The 28th International Book Festival Budapest – taking place between 28 September and 1 October– hosts the Netherlands as Guest of Honour this year. The cultural bonds between the Netherlands and Hungary date back from the 16th century, with many of the first books available in Hungary coming from Dutch printing houses. The current literary cooperation is just as strong. The number of Dutch titles (both fiction and non-fiction) translated into Hungarian is outstanding by regional comparison, and the volume of Hungarian works published in the Netherlands is also impressive – hence the slogan of the Dutch programme series in Budapest: On the Sea of Books.
The Festival is to host internationally renowned authors from the Dutch literary scene: Maarten Aalders, Milo van Bokkum, Annemarie Bon, Jan Brokken, Martin Michael Driessen, Arnon Grunberg, Caroline de Gruyter, Roxane van Iperen, Emy Koopman, Jamal Ouariachi, Ilja Leonard Pfeijffer, Annet Schaap, Abram de Swaan, and Manon Uphoff.
An eye-catching Dutch guest-of-honour stand will await festival visitors, designed by DE_FORM studio, with numerous books on display (Dutch titles in Hungarian, and Hungarian ones in Dutch), which can be purchased at the publishers` nearby stands. The stand is built from recyclable materials to demonstrate the Dutch commitment to sustainability.

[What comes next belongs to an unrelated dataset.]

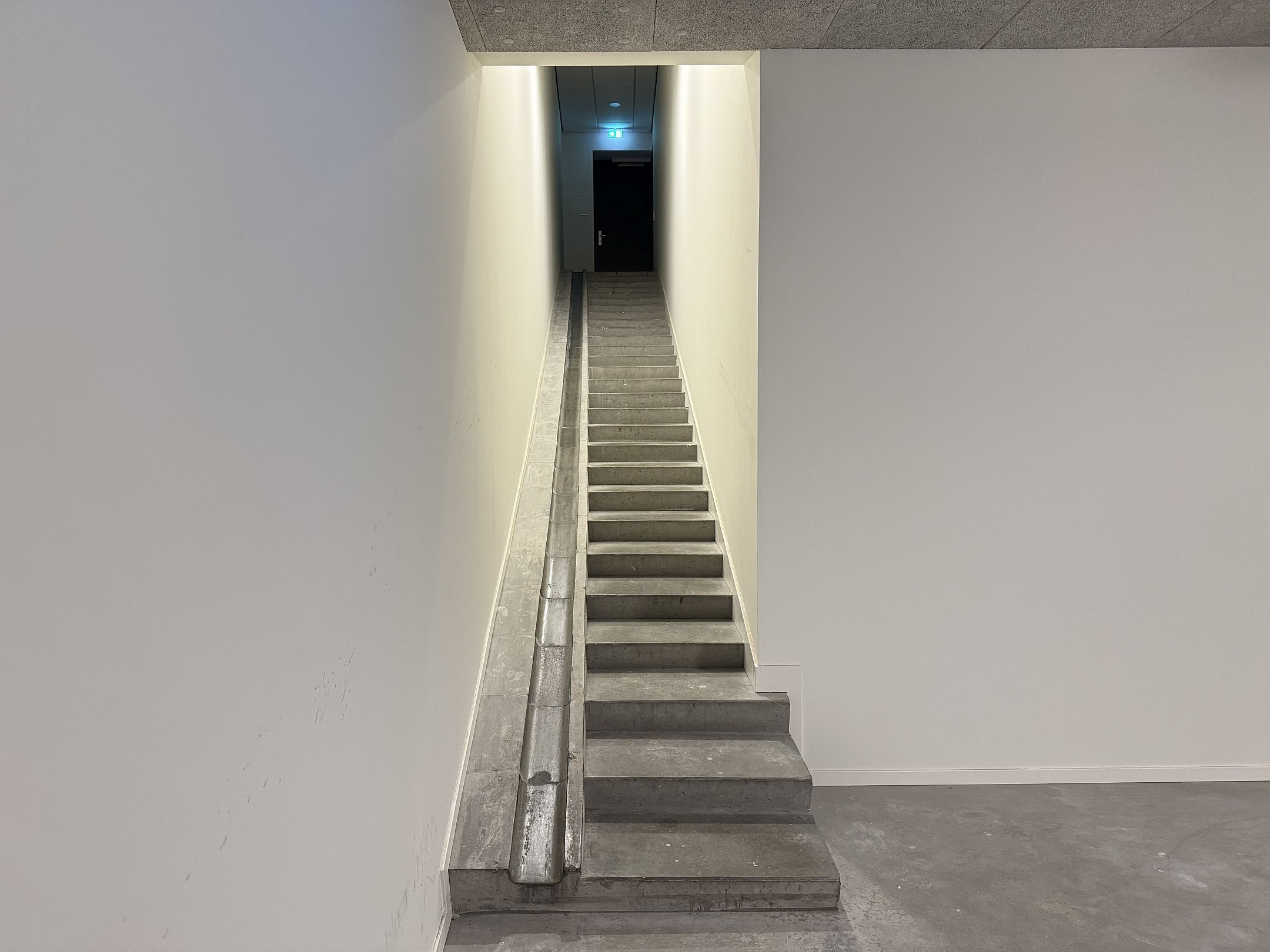 Photo 33 of Lange Geere 1-A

The Dutch stand and an adjacent room on the festival site (Szabó Magda Room), but also at Európa Pont (Lövőház u. 35.) will host book presentations and talks with the Dutch authors, involving Hungarian experts, lecturers of the Dutch Studies of Eötvös Loránd University (ELTE) and Károli Gáspár Protestant University, alongside the Association of Hungarian Literary Translators (MEGY), moderators and translators. Next to these, there will be thematic panel discussions centred around translations, children`s and youth literature, book illustrations, but also around topics beyond literature: Dutch visual art of the 17th century, the grand-scale humanitarian campaign known as the children`s trains that took more than 30.000 Hungarian minors to the Netherlands to recover from the traumas of WW1, Europe/EU history and current challenges, and many more. Furthermore, the Dutch Literary Fund (Letterenfonds) will introduce their work of promoting Hungarian literature for the Dutch readers.

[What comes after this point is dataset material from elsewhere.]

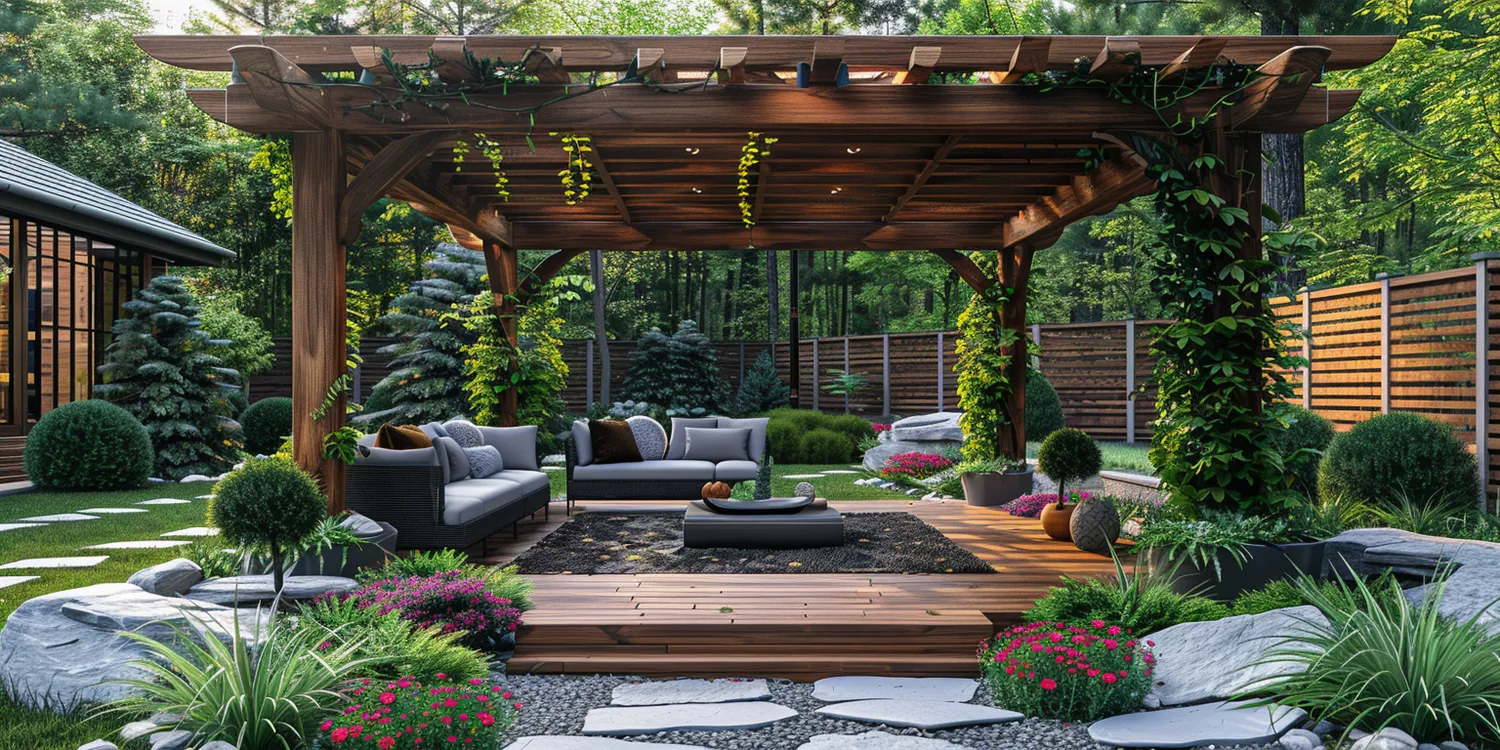 Jak znaleźć odpowiedni bank dla naszego kredytu hipotecznego?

At other venues (Bartók Béla Rd., District 11), two extra programmes will focus on children`s literature and illustrations: Pagony bookshop (the publishing house of the same name is in the lead of providing Dutch titles in Hungarian) on 30 September, and Café Kelet, during its annual programme of Dutch-language Book Day, on 1 October.
By the time the Festival begins, the prominent literary magazine Műút`s special Dutch edition will have been published. It will offer fresh translations of prose and poetry, reviews and Dutch visual artworks.